Simon the Pig said...

Twiffic as usual. Not sure that Ms. Bonkers will agree tho'

Arabella Sock said...

I'm glad you like it - I'm never sure with any of my 'supposed to be funny' blogs whether they actually are or not and this was a very last minute post. Personally I love the phrase "bring on the pigs" and shall use it everytime someone needs cheering up! LOL

VP said...

Arabella, you are soooooo naughty!

WV says Symples ;)

Plant Mad Nige said...

Did you say 'pig' or 'fig?'

I was a bit fuddled by this post. Can it be something to do with one of those televisual goggly things? And did it relate to a sort of latter day Heathcliffe? I think we should be told.

I fell down a canyon once, trying to photograph a rare rock rose. It wasn't funny, especially as I had to cling to the rock rose which got accidentally uprooted. It's an even rarer species now.

jro said...

Yes, and Yes, Nige. Shame about the rock rose. Why don't you have a TV programme? You should.

I wanted to give Canyon Man's wife a big hug. Alternatively, perhaps someone could point her in the direction of this blog?

Arabella Sock said...

I'm not surprised your confuzzled Nigel but you have pretty much worked it out anyway. All you really need to know is that when Matthew Wilson was being interviewed on Radio 5 he was referred to as "an accessible Antonio Banderas"!

Also questions have been raised by various factions on whether it is fair to the landscape business to not give true budgets of the cost of these various gardens as it gives punters the wrong impression.
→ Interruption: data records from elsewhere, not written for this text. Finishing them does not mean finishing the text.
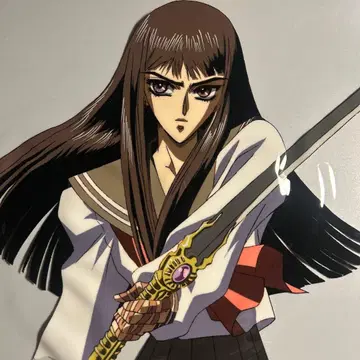 CLAMP [X] 애니메이션 셀화 + 동영상 카드캡터 사쿠라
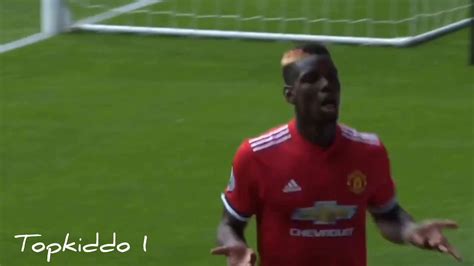 Paul Pogba Skills And Goals 18/19 - YouTube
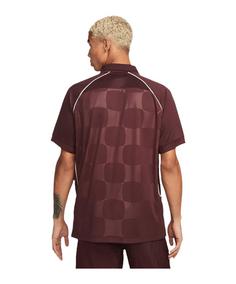 Rückansicht von Nike F.C. Trikot T-Shirt Herren rotweiss
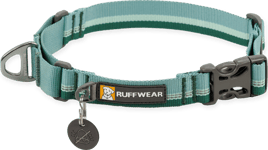 Ruffwear Ruffwear Web Reaction™ Collar River Rock Green 28-36 cm, River Rock Green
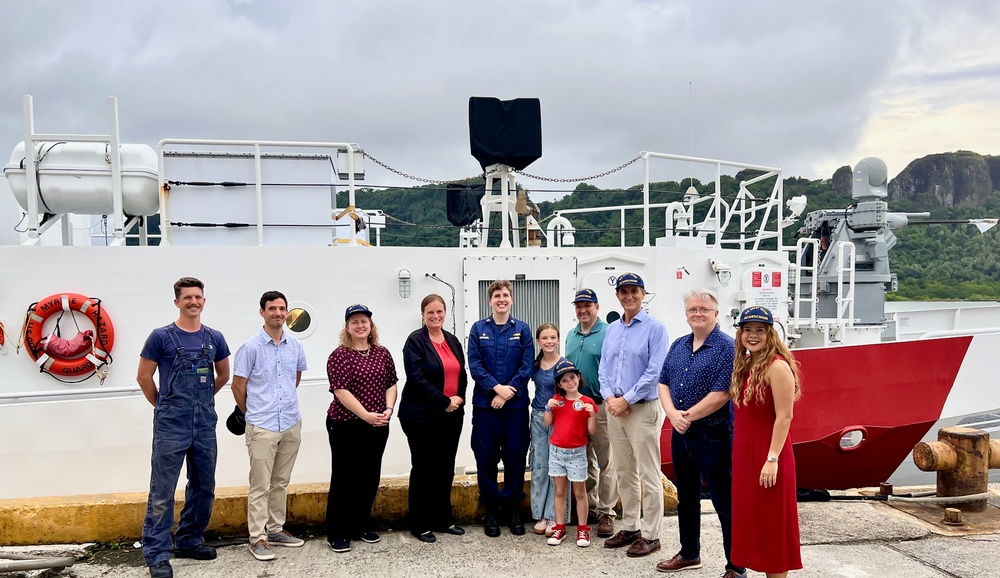 USCGC Myrtle Hazard completes Operation Blue Pacific patrol in Micronesia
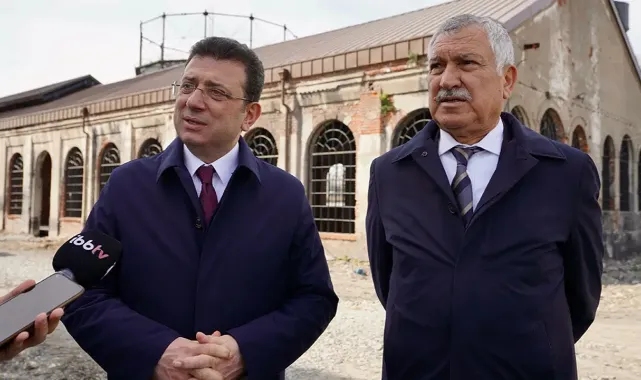 TBB Başkanı Erinç Sağkan, Ekrem İmamoğlu ve Zeydan Karalar'ı ziyaret etti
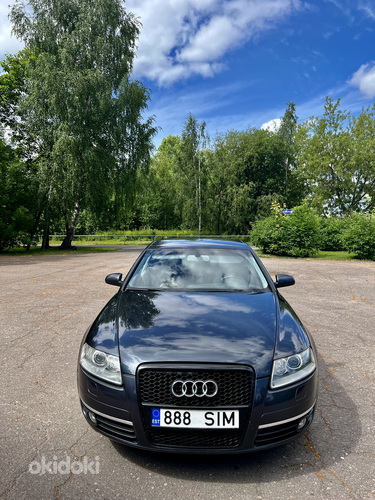 Audi a6 c6 2.0tdi мануал (фото #8)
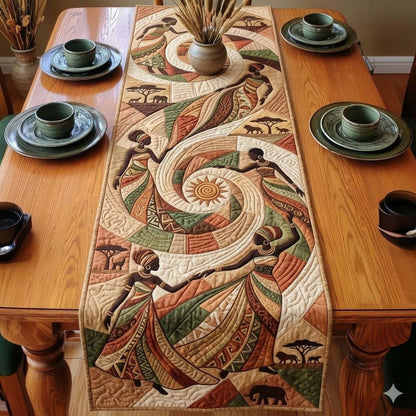 Tradition Flow Quilted Table Runner GFTOHD14679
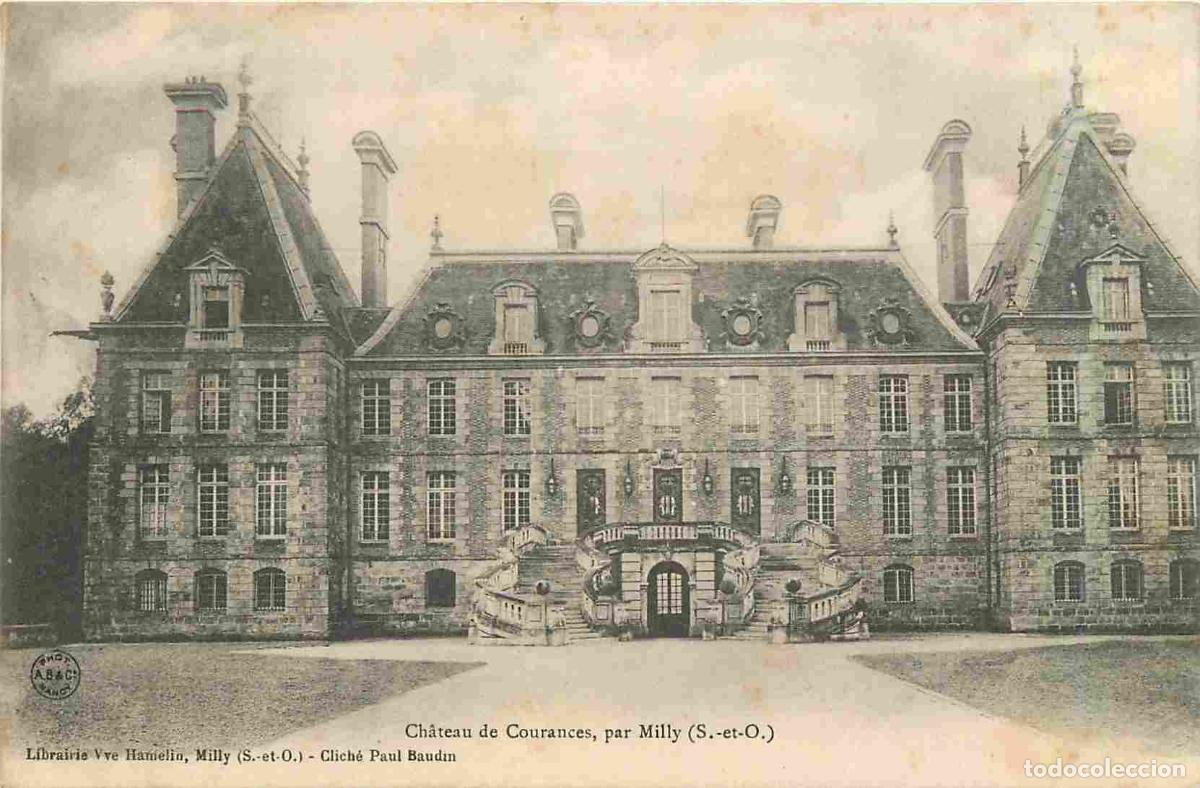 Postais: France - 91 - Courances - Le Ch&acirc;teau - CPA - Oblit&eacute;ration de 1904 - Voir Scans Recto-Verso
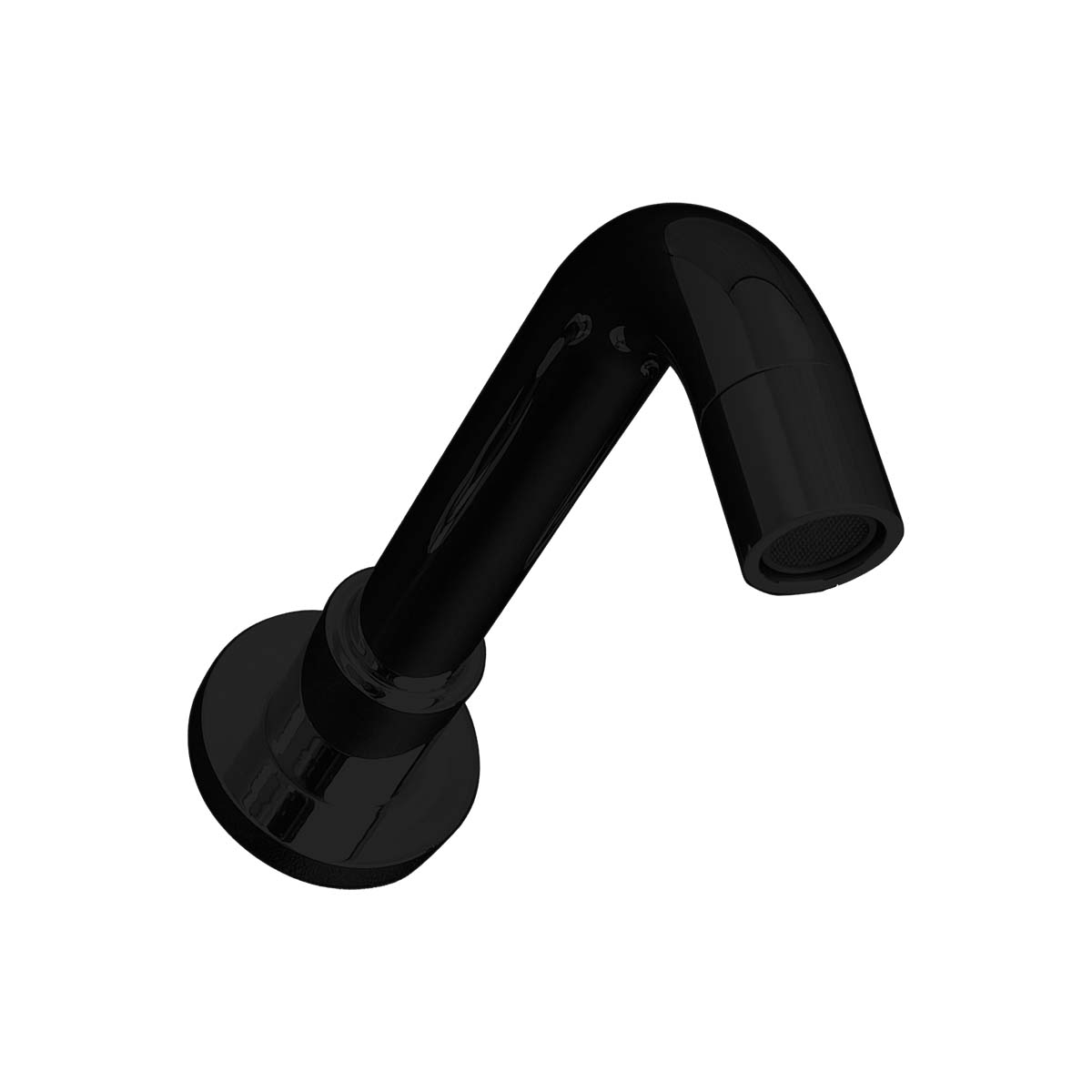 Elle Matte Black Bath Spout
Also whether seeing Keith Wiley dig out canyons with his digger isn't going to make lots of people rush out and do this in their gardens when it isn't safe! Ha ha!

I do hope you got a picture of the rock rose!

Karen - An Artist's Garden said...

Wonderful Arabella, you have made my day.
PS Lovin' the phrase "bring on the pigs"

matthew wilson said...

No, your 'supposed to be funny' posts are very funny Ms Sock, long may they continue!

Need to check this comment for spelling mistakes - terribly hard to type whilst looking slightly to one side an into the distance...

Yours, Ted the Badger/Tony Badgerass/Colin Firth/Heathcliff/Darcy......

Ms B said...

Oooooh, you are naughty......but I like you!

(Pssst, is Antonio Badgerbum trying to tell you he is in fact suffering from strbismus aka wandering eyes?)